PROBLEM TO WORK ON –
The lines from the one containing "作祟（Feat.SH00T_In$EK1 Pord.MORROW)" to the end of the entries, both included, are what you need to transcribe exactly, without pictures and without anything else.

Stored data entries
--------------------

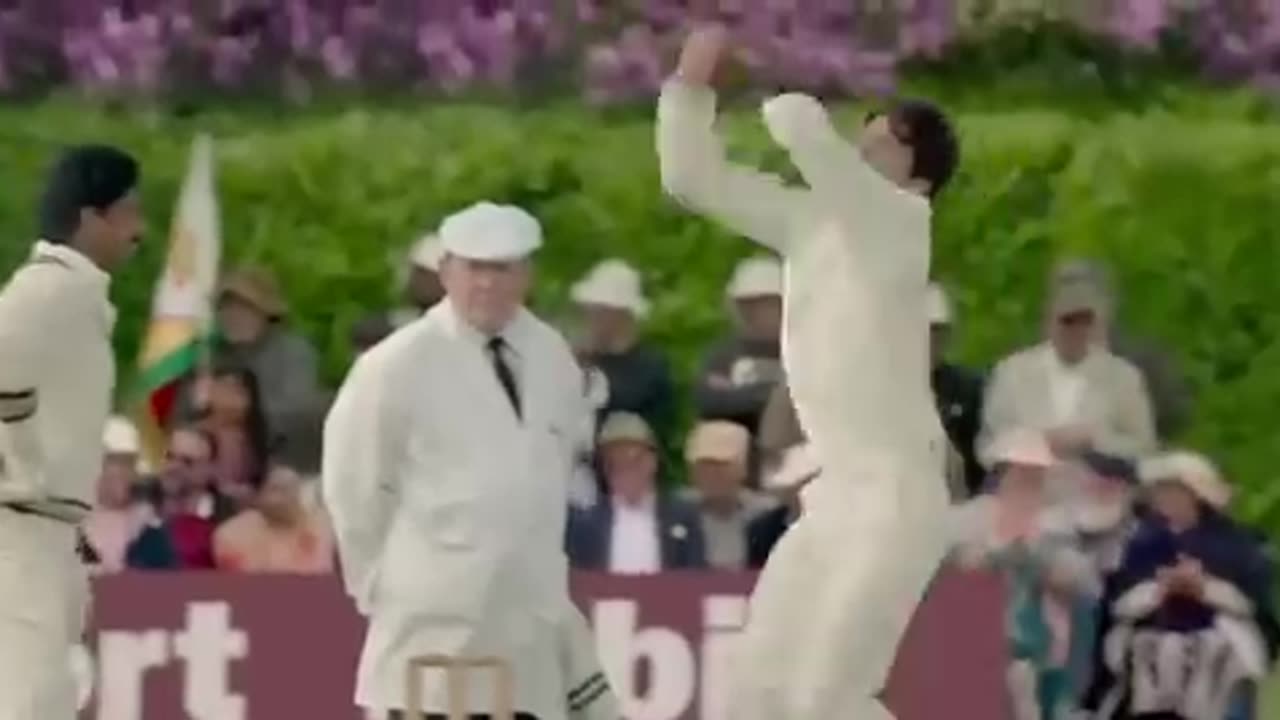 Eng Vs Ind | cricket match | 83 movie | Ranveer Singh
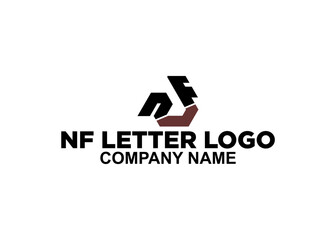 LOGO NF LETTER COMPANY NAME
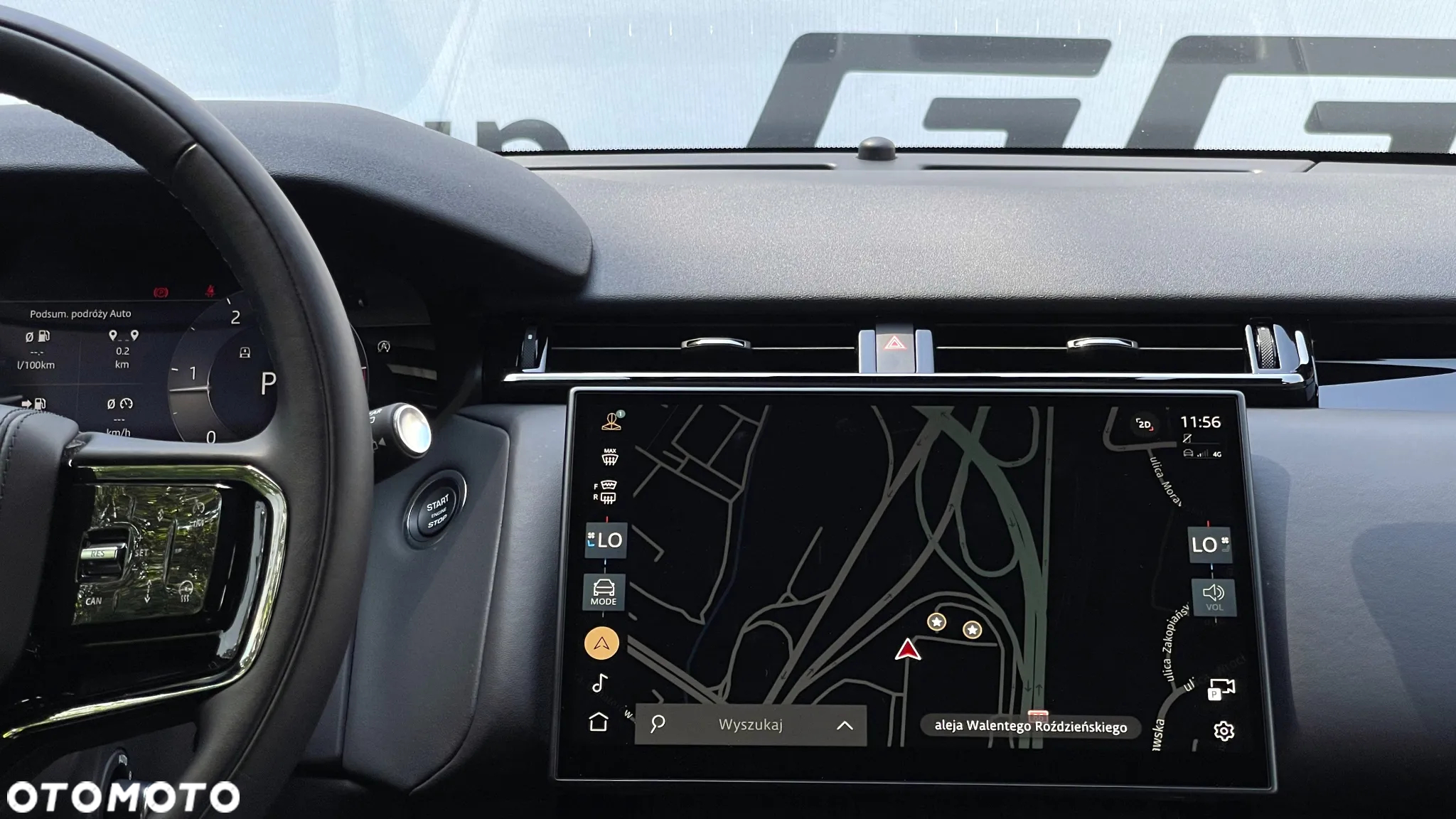 Land Rover Range Rover Velar D300 Dynamic HSE - 11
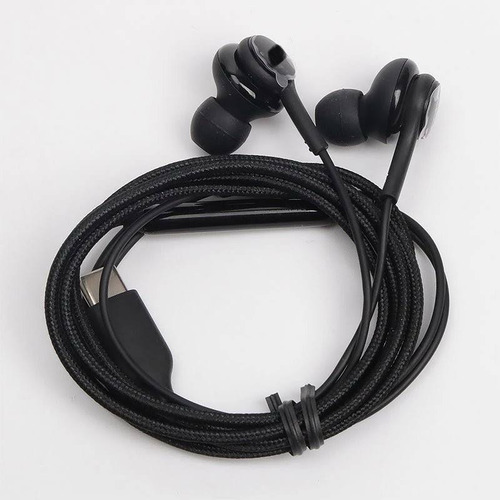 Manos Libres Para Akg Tipo C Con Micrófono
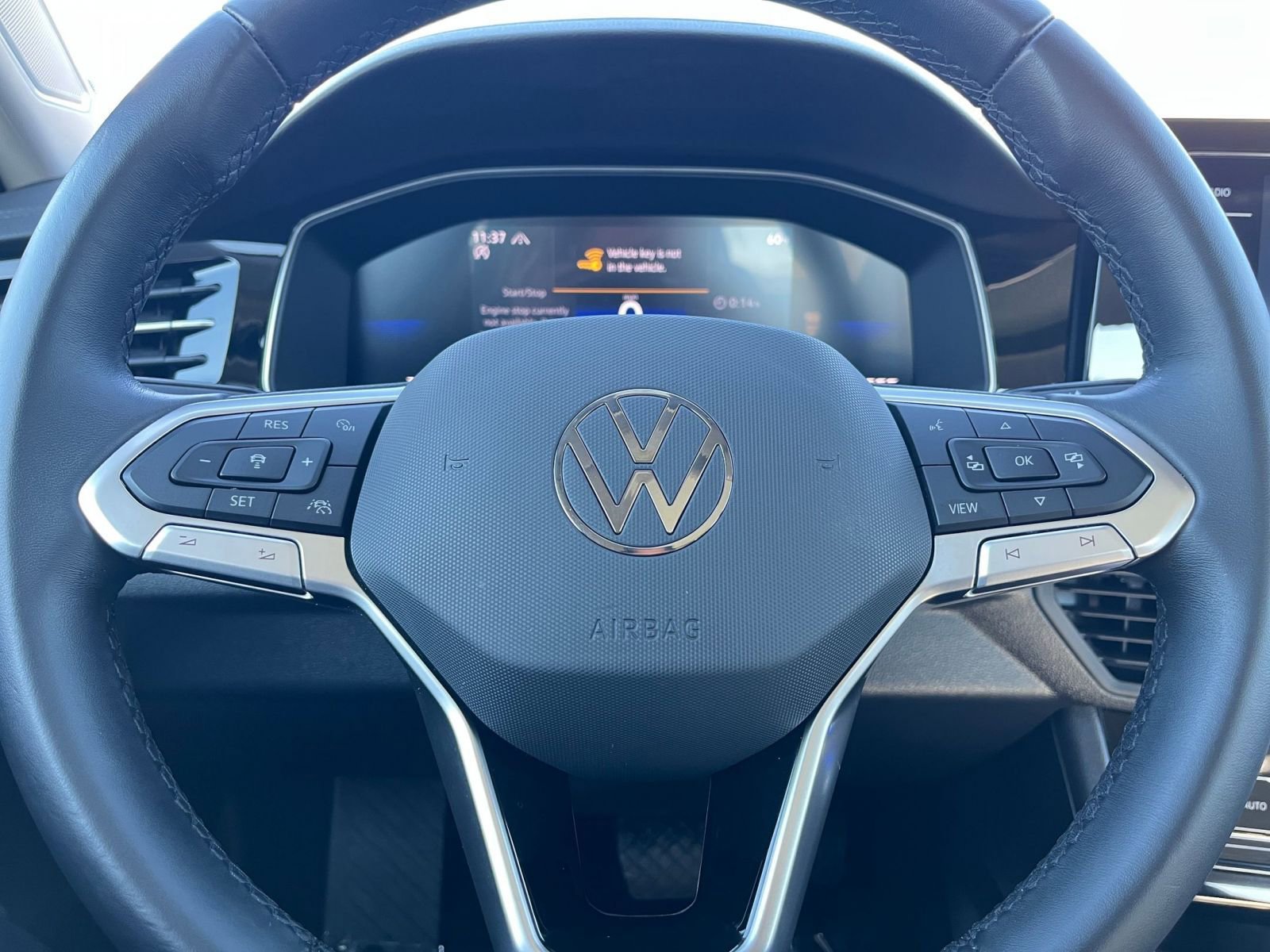 Thumbnail: 2025 Volkswagen Jetta - 27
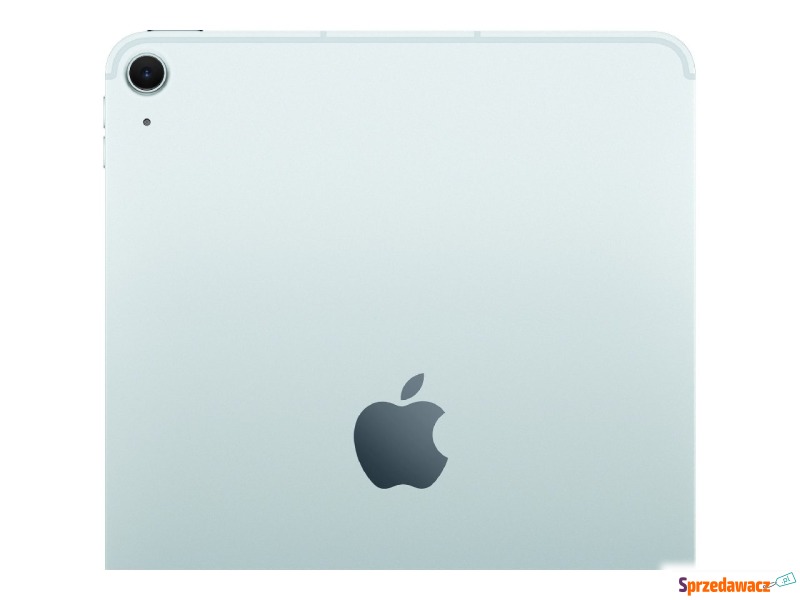 Tablet Apple iPad Air M4 Wi-Fi + Cellular 128GB... - Tablety - Piła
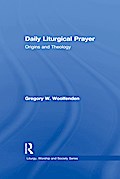 Daily Liturgical Prayer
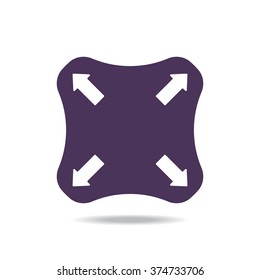 joystick icon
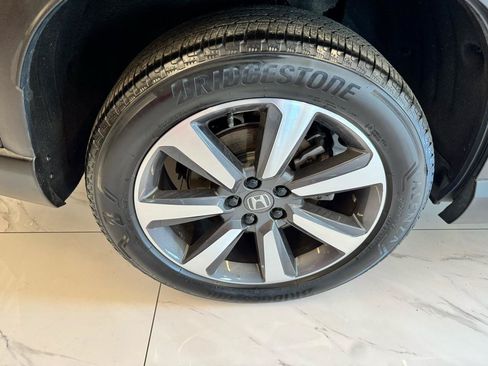 Used 2023 Honda Pilot Elite image 34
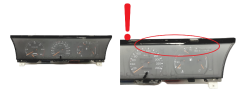 Tachometr Citroen XM 96017138 09020499902 49703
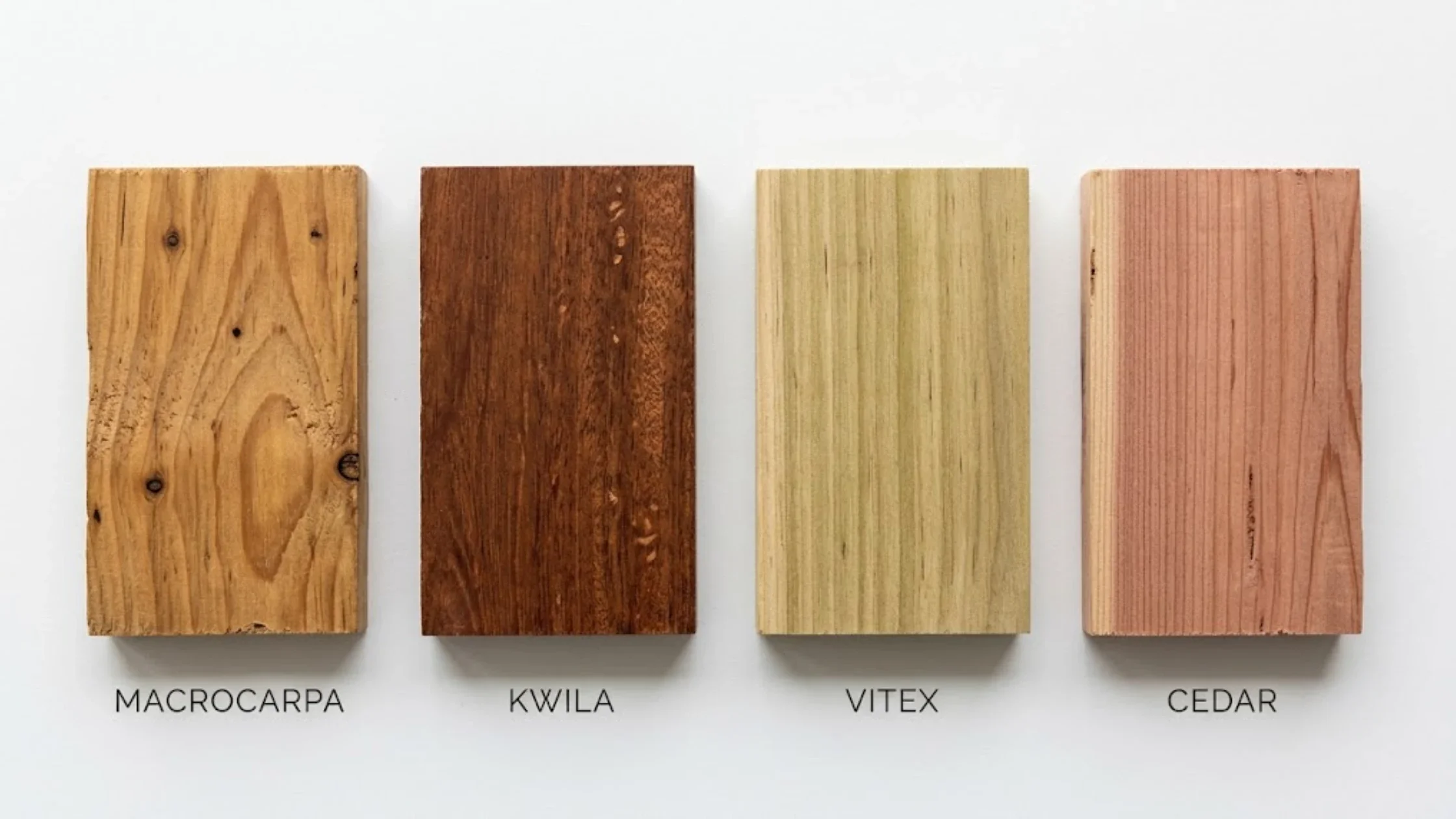 Outdoor Furniture Timber NZ Which Wood Actually Holds Up in Kiwi Conditions 3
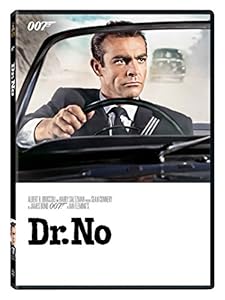 Dr. No Widescreen (DVD) (Pre-Owned)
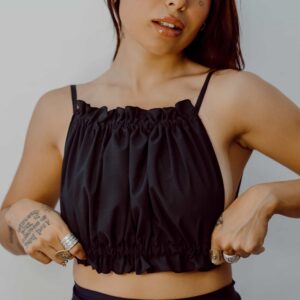 CROP NISSY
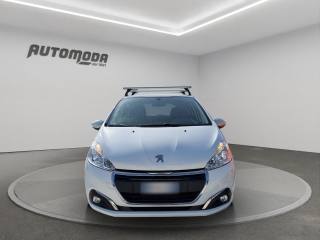 PEUGEOT 208 usata, con Airbag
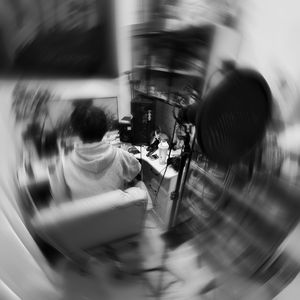 作祟（Feat.SH00T_In$EK1 Pord.MORROW)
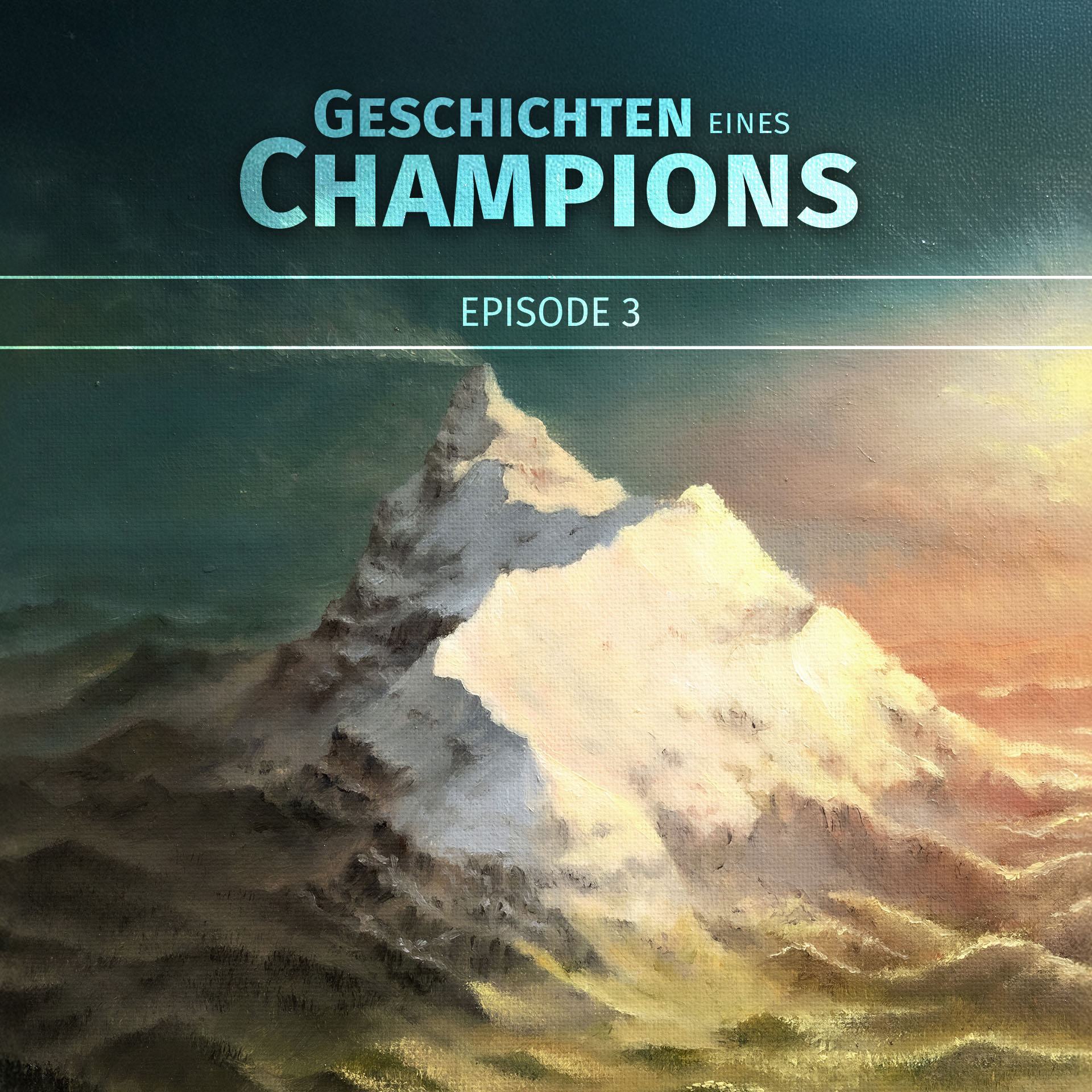 Trailer: Geschichten eines Champions | Episode 3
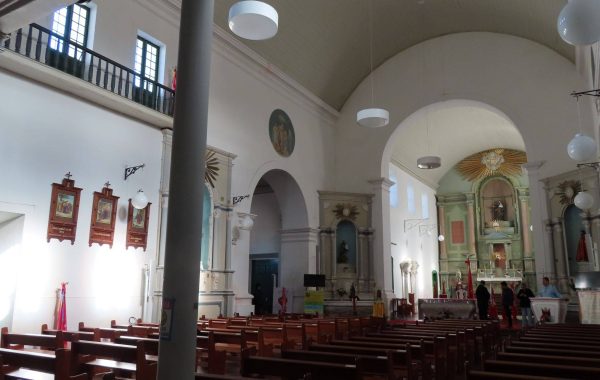 Igreja Matriz de São José (7)_Visite_Floripa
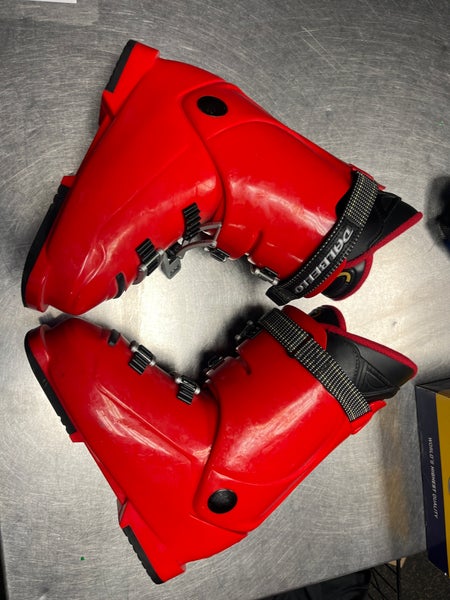 Men's Dalbello (Used) Dx Ski Boots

--------------------

WRITTEN SOLUTION –
 作祟（Feat.SH00T_In$EK1 Pord.MORROW)
 Trailer: Geschichten eines Champions | Episode 3
 Igreja Matriz de São José (7)_Visite_Floripa
 Men's Dalbello (Used) Dx Ski Boots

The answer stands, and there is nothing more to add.